La Sen brings a touch of old-world fare—and charm—to Concord.


Photography by Jennifer Martiné

Vive la révolution! La Sen is taking a stand against the industrial-chic, farm-labeled ingredient, locally inspired but fundamentally Italian mold by reaching back to a simpler time for gastronomic guidance. It’s a place where butter isn’t banned, the food isn’t politically correct, and the only scene is a French landscape on the wall.

Located a few steps from Todos Santos Plaza (and worlds away from Concord’s image as a culinary no-fly zone), this charmingly retro white table-cloth bistro offers up old-school favorites like steak frites—grilled rib eye with garlicky french fries—and filet mignon with an unapologetically rich reduction of shallots and veal stock.  

Yes, La Sen does French classics right—especially the meats. A lush cylinder of steak tartare is capped with a just-cracked quail egg, encircled by crafty condiments, and served with toast points (made from equal parts olive oil and bread). The hearty boeuf Bourguignonne, like the coq au vin, is incredibly tender. These dishes epitomize country French fare with an opulence gained from slow and gentle cooking in rich red wine. And don’t miss the lamb chops: Crusty on the outside, rosy in the middle, and served with velvety port wine sauce. They’re La Sen’s most popular dishes for a reason. My favorite is the duck breast, full of flavor and astonishingly moist, and complemented perfectly by crisped polenta.

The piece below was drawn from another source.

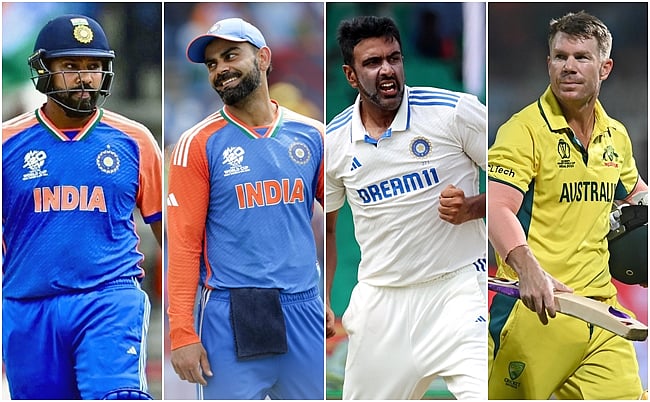 ரோஹித் முதல் அஸ்வின் வரை... 2024-ல் ஓய்வுபெற்ற டாப் 10 கிரிக்கெட் வீரர்கள்!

Looking for something light? Look elsewhere. Even the eggplant lasagna is made with Gruyère and the rich béchamel sauce. If you’re looking to go easy, better to create a decadent meal of soup, salad, and dessert. Start with the impossibly rich French onion soup; follow with mixed greens tossed with crisp apple, tangy Roquefort, and a sprightly Champagne vinaigrette; and finish with a crackling crème brûlée. The price? Less than $20 ($15 at lunch). Or sub in an order of calamari with La Sen’s signature cilantro vinaigrette, a creamy emulsion also served with the bread.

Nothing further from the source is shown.